§ **Work item**
Please make an exact transcription of the records, keeping the pictures out of it.
━━━━━━━━━━━━━━━━━━━━━━━━━━━━━━
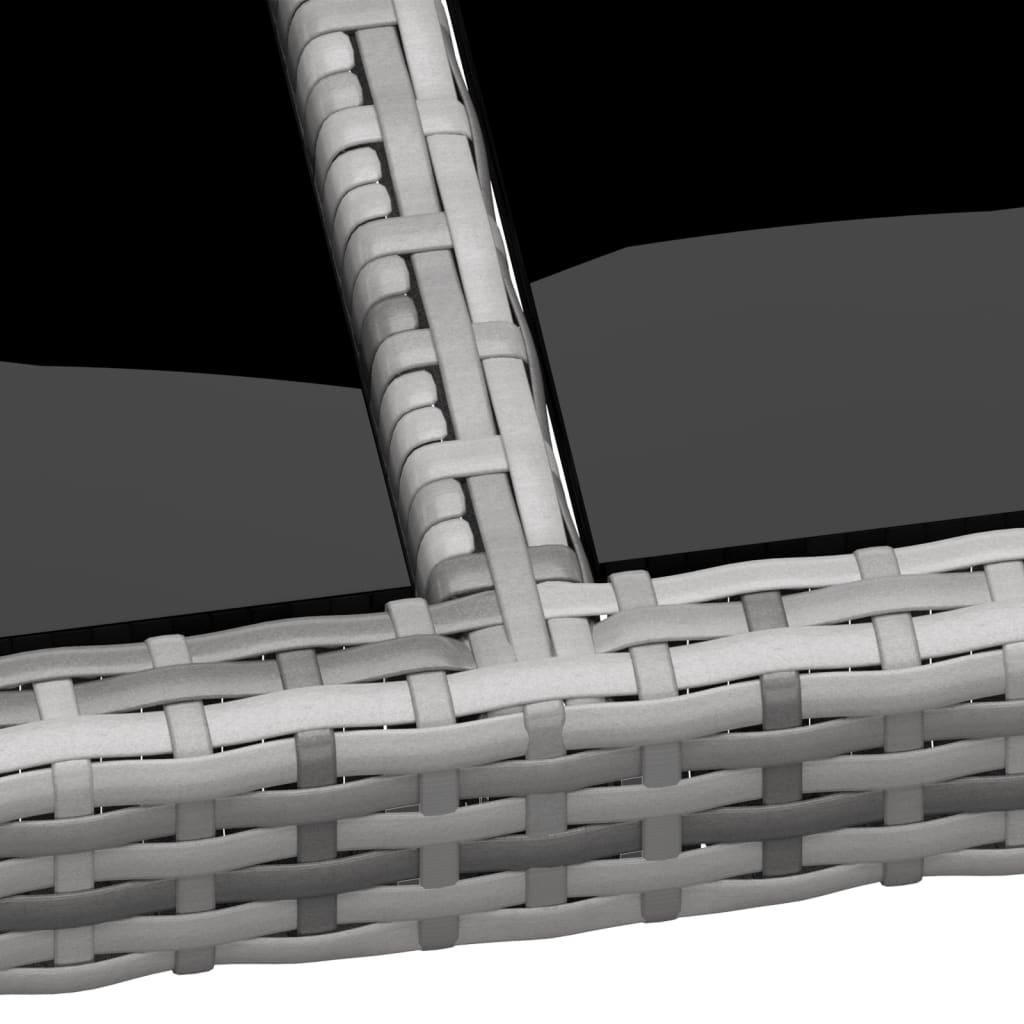 Tavolo Giardino 200X150X75 Cm Vetro Temperato Polyrattan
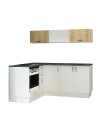 Cucina angolare 180x160 reversibile Cassino con elettrodomestici colore bianco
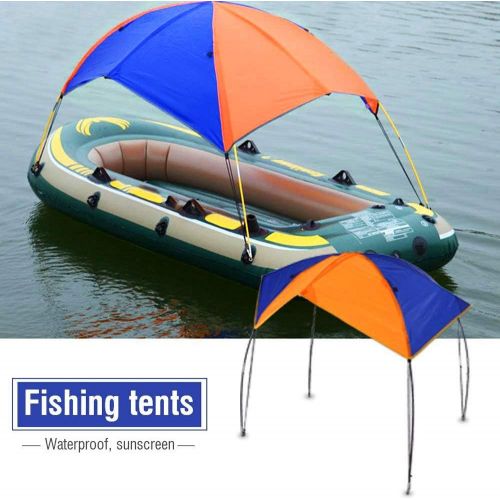 제네릭 Generic 2/3/4 Persons for Choose Inflatable Boat Tent Sun Shelter Inflatable Rowing Boat PVC Rubber Fishing Boat Tent Canopy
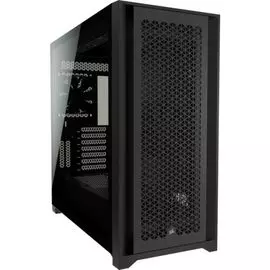 Корпус ATX Corsair 5000D AIRFLOW CC-9011210-WW черный, без БП, стенка из закаленного стекла, 2*USB 3.0, USB 3.1 Type-C, audio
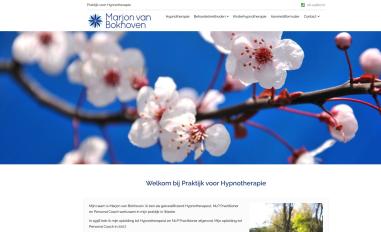 Schermafbeelding van marjonvanbokhoven.nl
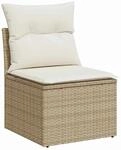 vidaXL Garten-Sofa-Set 7-Tlg Beige Poly Rattan 3347603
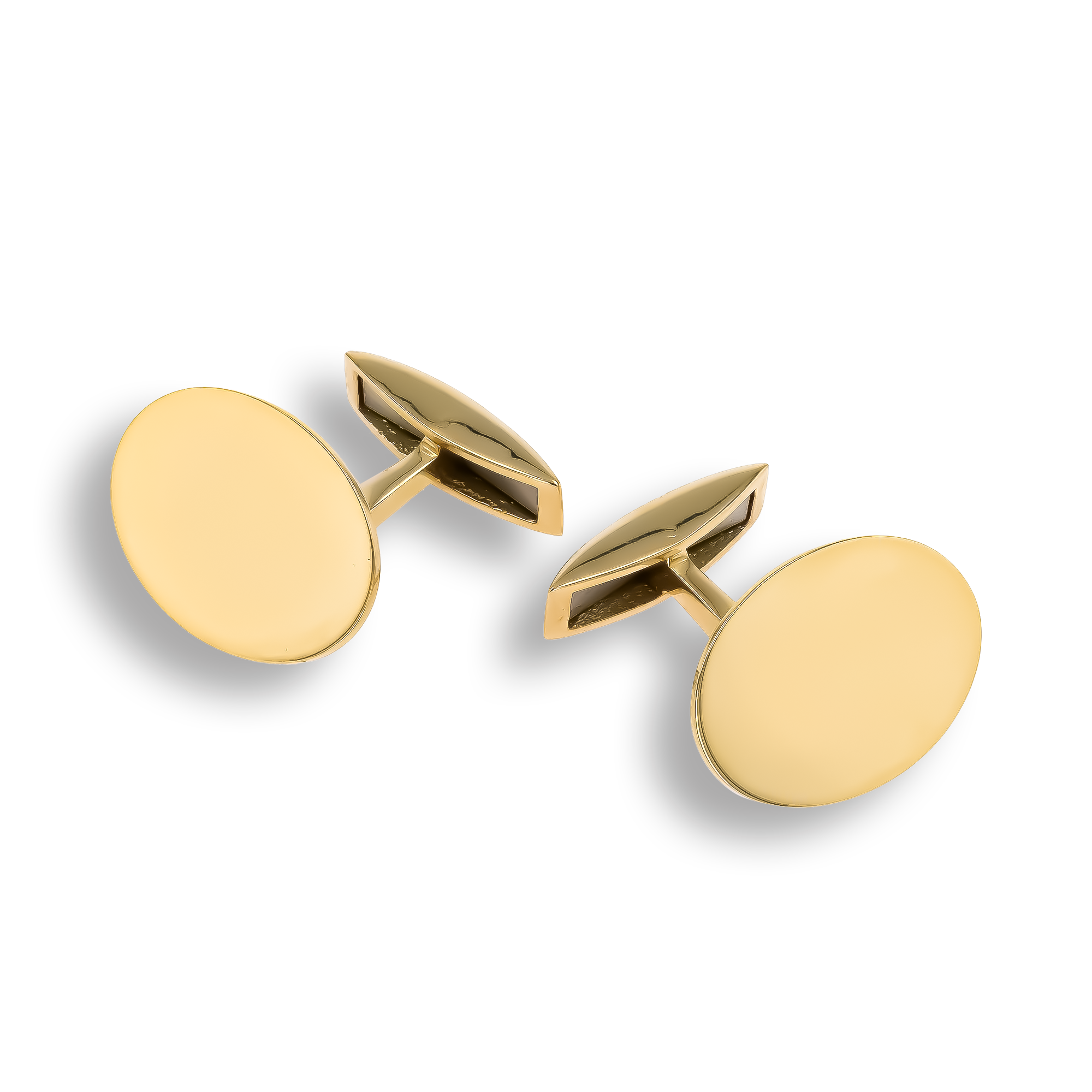 Oval Spring Bar Cufflinks _1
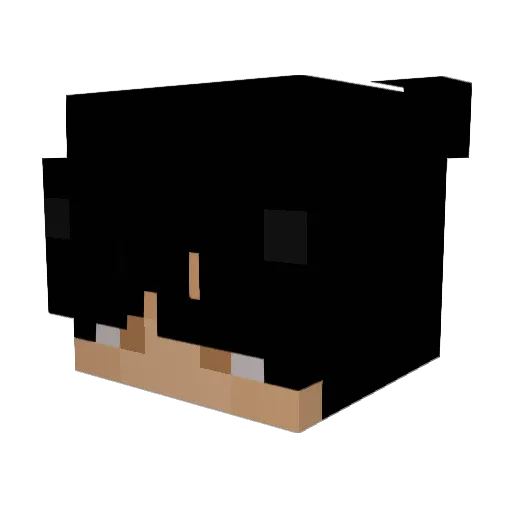 periusdz Minecraft avatar head, 3D render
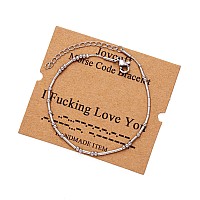 Joycuff I Love You Morse Code Bracelets For Women Girls Mother Daughter Friend Inspirational Motivational Encouragement Stianles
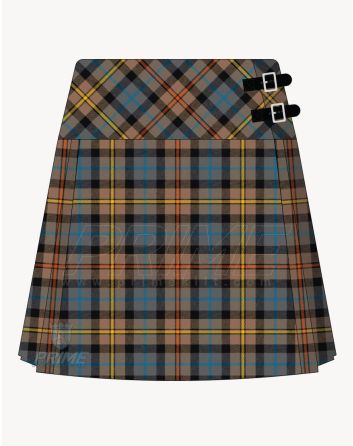 Smith Weathered Tartan Kilt for Women
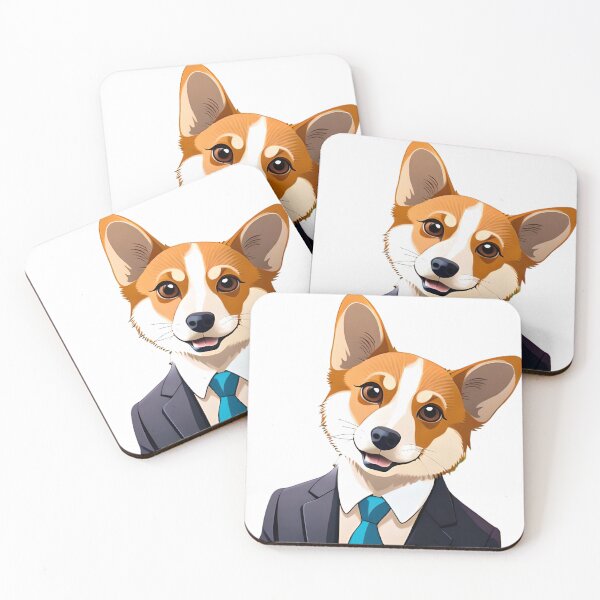 Item preview, business corgi sticker designed and sold by FriedGummyBears.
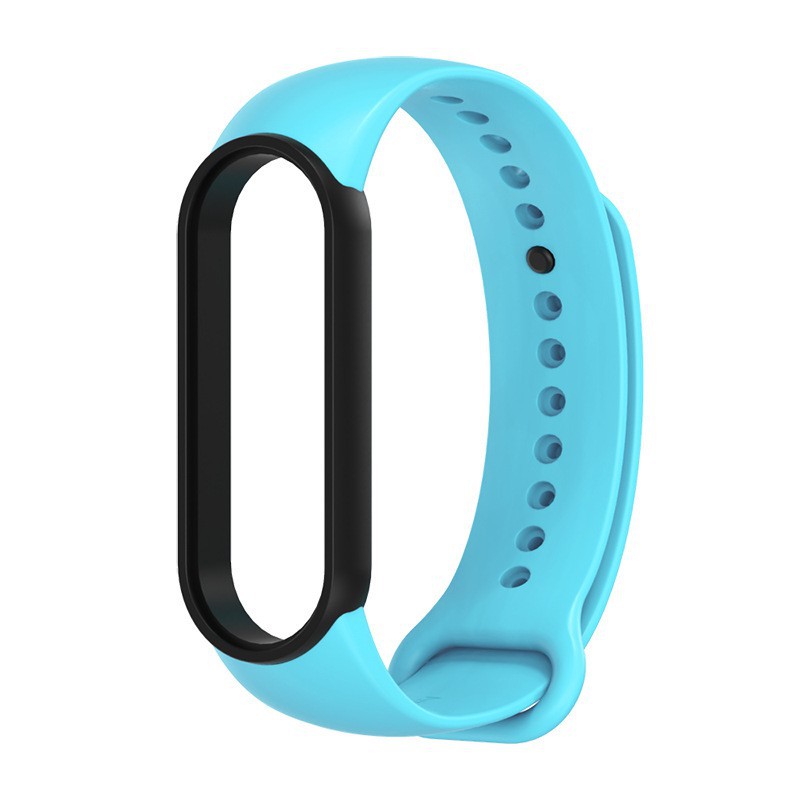 Dây thay cao su viền đen Mi band 5/6 chính hãng Mijobs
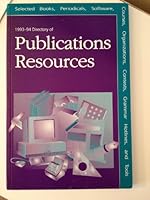 1993-94 Directory of Publications Resources 093501215X Book Cover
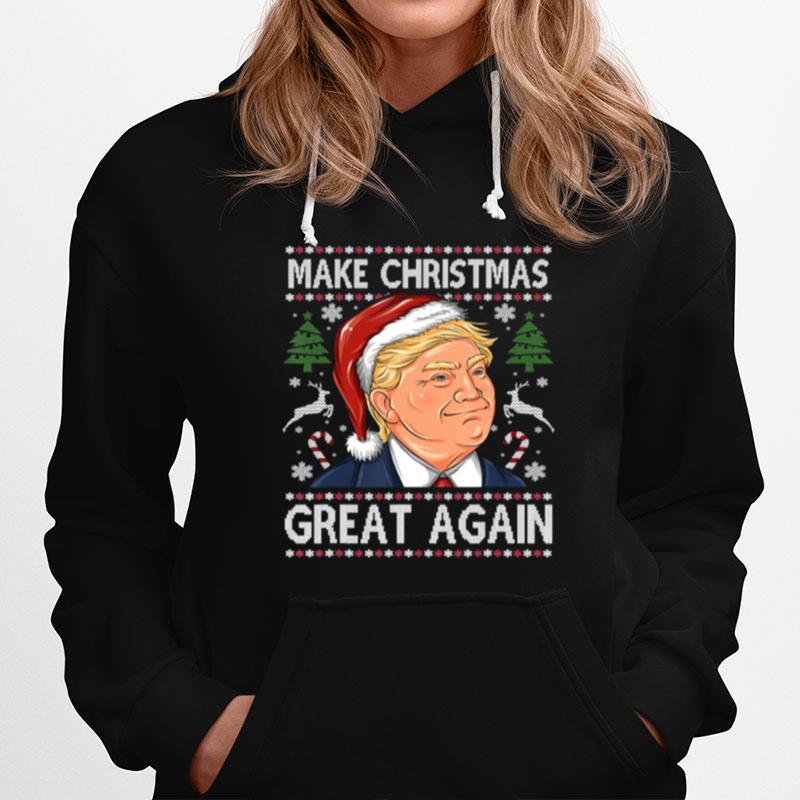 Trump Make Christmas Great Again Funny Ugly Christmas Hoodie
━━━━━━━━━━━━━━━━━━━━━━━━━━━━━━
§ **Your solution**
 Tavolo Giardino 200X150X75 Cm Vetro Temperato Polyrattan
 Cucina angolare 180x160 reversibile Cassino con elettrodomestici colore bianco
 제네릭 Generic 2/3/4 Persons for Choose Inflatable Boat Tent Sun Shelter Inflatable Rowing Boat PVC Rubber Fishing Boat Tent Canopy
 Корпус ATX Corsair 5000D AIRFLOW CC-9011210-WW черный, без БП, стенка из закаленного стекла, 2*USB 3.0, USB 3.1 Type-C, audio
 Schermafbeelding van marjonvanbokhoven.nl
 vidaXL Garten-Sofa-Set 7-Tlg Beige Poly Rattan 3347603
 Oval Spring Bar Cufflinks _1
 periusdz Minecraft avatar head, 3D render
 Joycuff I Love You Morse Code Bracelets For Women Girls Mother Daughter Friend Inspirational Motivational Encouragement Stianles
 Smith Weathered Tartan Kilt for Women
 Item preview, business corgi sticker designed and sold by FriedGummyBears.
 Dây thay cao su viền đen Mi band 5/6 chính hãng Mijobs
 1993-94 Directory of Publications Resources 093501215X Book Cover
 Trump Make Christmas Great Again Funny Ugly Christmas Hoodie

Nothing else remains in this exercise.